また本発明は、円形型シックナーに代えて横流式のシックナーも使用することができる。
【0012】
次に本発明を実施例を掲げて説明するが、本発明は、以下の実施例のみに限定されるものではない。
実施例
反応槽1にパイプ2を通して海水を導入し、同時にパイプ3を通して石灰乳を導入し、反応させて得られた水酸化マグネシウム懸濁液を円形型シックナー4に導入し、水酸化マグネシウムの沈降処理を行う。沈降分離された水酸化マグネシウムは円形型シックナー4から取り出し、次いで円形型シックナー11において工業用水で洗浄し、精製水酸化マグネシウムを得た。得られた精製水酸化マグネシウム中のB2O3の含有量は54mg/Lであった。

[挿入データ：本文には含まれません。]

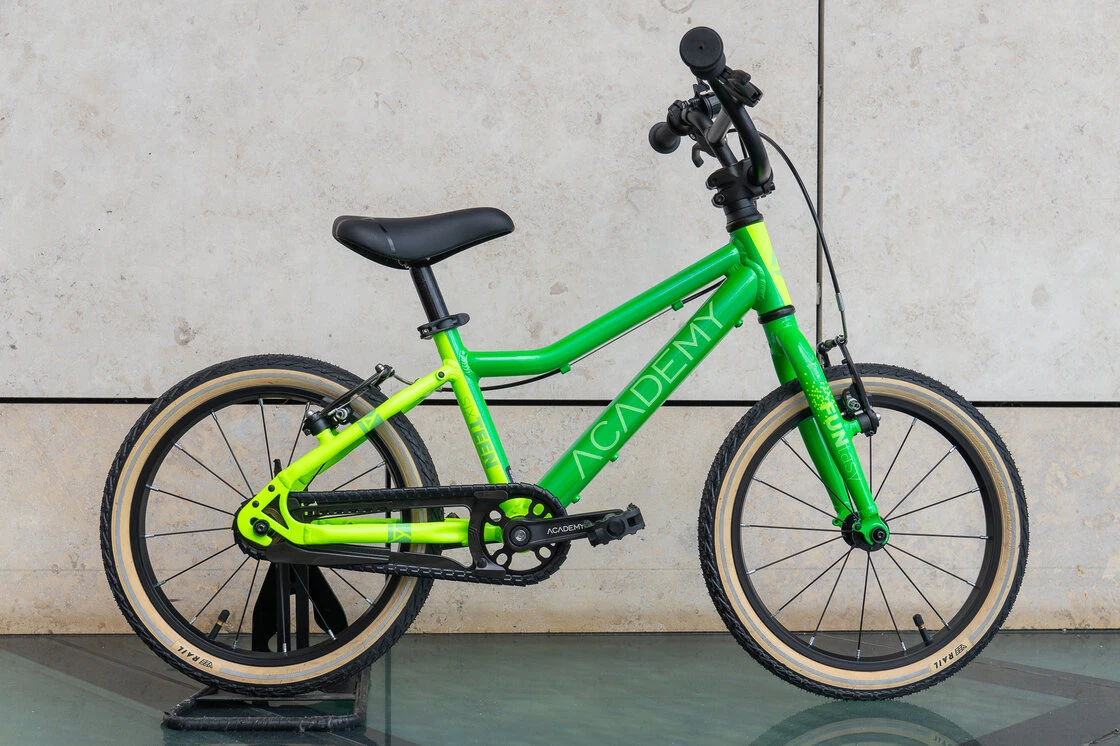 Lekki rowerek ACADEMY GRADE 3 16" Edition - FUNtasy Green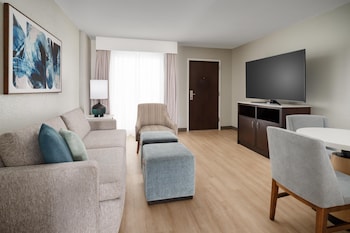 Deluxe Suite, 2 Queen Beds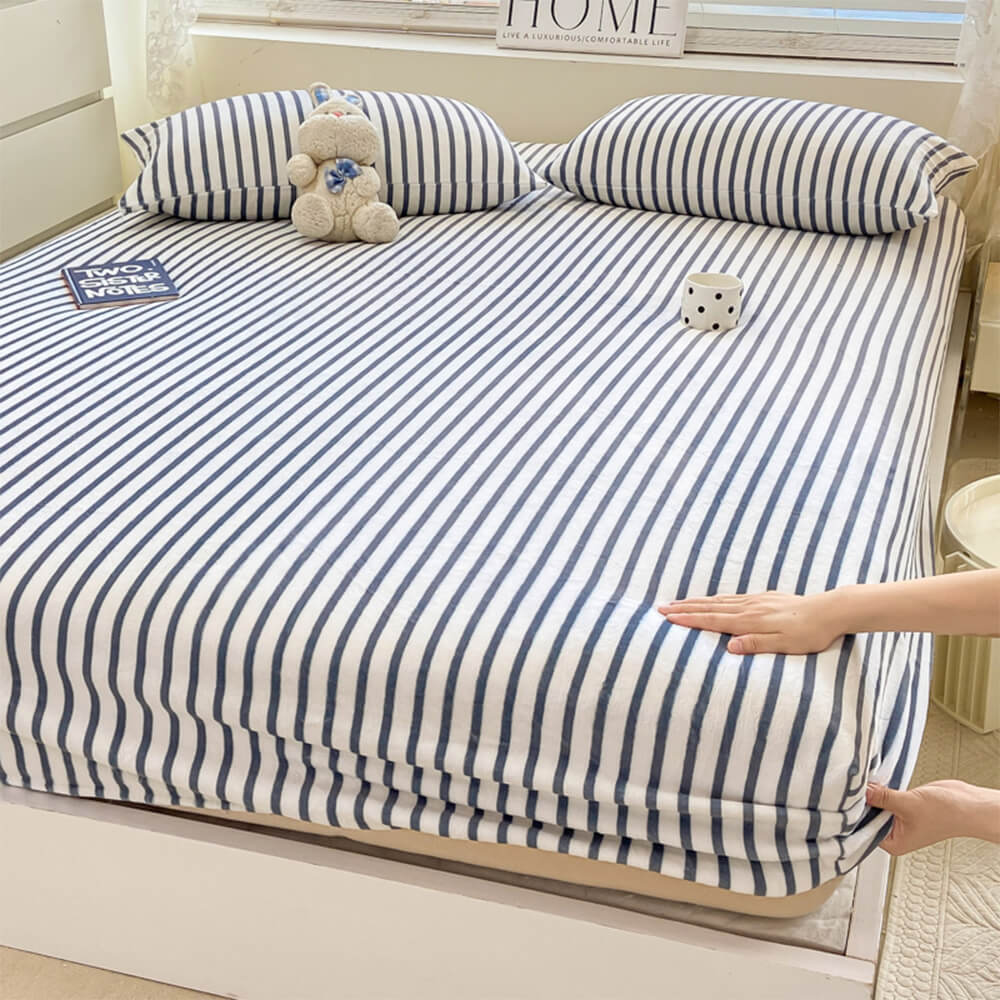 Elegante set di latte a strisce a strisce foglio montato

また予め反応増13において海水と水酸化マグネシウムを35質量%添加混合して円形型シックナーで処理した処理海水を用いた場合はさらにB2O3の含有量は低かった。一方比較のために直接海水と石灰乳とを反応させた水酸化マグネシウム懸濁液を用い、かつ円形型シックナー4の展張膜を除いた以外は同様の条件で処理したところ精製水酸化マグネシウム中のB2O3の含有量は2400mg/Lであった。